Эта дамба играла не малую роль в жизни дачников. Я лично очень был огорчен, когда во время Первой мировой войны ее и пристань, к которой она вела, уничтожили. Петергоф лишился одной из своих достопримечательностей. Ввиду малой глубины Финского залива пароходы не могли подходить к самому берегу, а потому и была построена эта дамба, выступавшая на добрую четверть версты в море. От берега сначала тянулась земляная насыпь ("дамба" в точном смысле слова), но дальше она переходила в мост, на бесчисленных сваях, приводивший к общественным купальням (слева женским, справа мужским), в конце же моста находились те деревянные постройки, в которых помещались кассы пароходного общества, жилища для служащих и самая пристань.

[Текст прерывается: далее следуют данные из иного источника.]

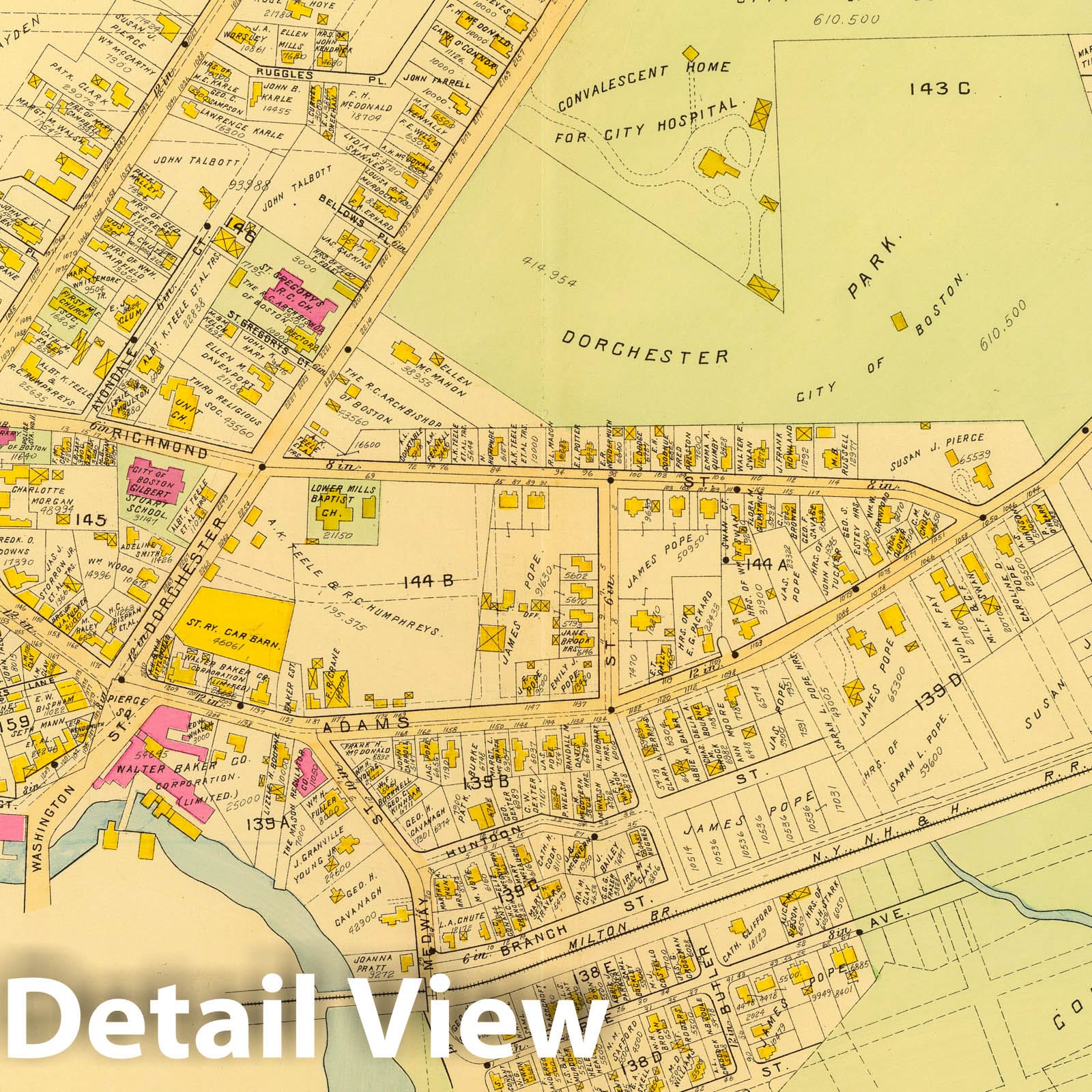 Ward 24, Dorchester, Boston, Massachusetts, 1899 Historical Map Print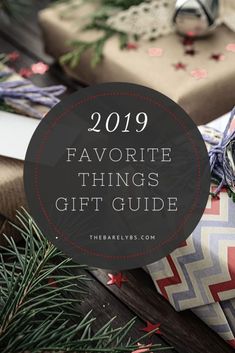 presents wrapped in wrapping paper with the words favorite things gift guide on top of them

Купеческая пристань в цветущую пору петергофского пароходства, (пора эта кончилась около 1900 г.) была весьма оживленным местом. Сюда дачники являлись встречать приезжающих по морю из Петербурга, сюда же приходили вереницы провожающих, охотники же до морского купанья распределялись между купальнями. Чрезвычайное многолюдство в праздничные дни придавало гавани характер ярмарки, чему способствовал и неистовый галдеж наемных извозчиков, для стоянки которых была отведена сбоку очень обширная дощатая площадка.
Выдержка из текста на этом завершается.